━━━━━ Dataset records ━━━━━
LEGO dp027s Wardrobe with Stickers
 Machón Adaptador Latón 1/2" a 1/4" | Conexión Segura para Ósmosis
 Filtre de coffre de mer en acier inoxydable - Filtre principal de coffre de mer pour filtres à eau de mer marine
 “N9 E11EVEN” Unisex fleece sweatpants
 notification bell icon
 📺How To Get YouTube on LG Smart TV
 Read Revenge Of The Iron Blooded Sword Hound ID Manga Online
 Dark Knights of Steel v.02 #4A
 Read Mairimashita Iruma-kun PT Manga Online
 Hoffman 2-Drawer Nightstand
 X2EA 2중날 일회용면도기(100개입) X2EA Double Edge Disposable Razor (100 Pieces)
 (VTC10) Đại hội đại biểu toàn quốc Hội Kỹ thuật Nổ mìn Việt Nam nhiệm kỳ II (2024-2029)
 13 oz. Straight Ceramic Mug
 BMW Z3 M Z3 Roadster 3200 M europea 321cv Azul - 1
━━━━━
Problem: For each line shown above, write an exact copy.

Response:
LEGO dp027s Wardrobe with Stickers
 Machón Adaptador Latón 1/2" a 1/4" | Conexión Segura para Ósmosis
 Filtre de coffre de mer en acier inoxydable - Filtre principal de coffre de mer pour filtres à eau de mer marine
 “N9 E11EVEN” Unisex fleece sweatpants
 notification bell icon
 📺How To Get YouTube on LG Smart TV
 Read Revenge Of The Iron Blooded Sword Hound ID Manga Online
 Dark Knights of Steel v.02 #4A
 Read Mairimashita Iruma-kun PT Manga Online
 Hoffman 2-Drawer Nightstand
 X2EA 2중날 일회용면도기(100개입) X2EA Double Edge Disposable Razor (100 Pieces)
 (VTC10) Đại hội đại biểu toàn quốc Hội Kỹ thuật Nổ mìn Việt Nam nhiệm kỳ II (2024-2029)
 13 oz. Straight Ceramic Mug
 BMW Z3 M Z3 Roadster 3200 M europea 321cv Azul - 1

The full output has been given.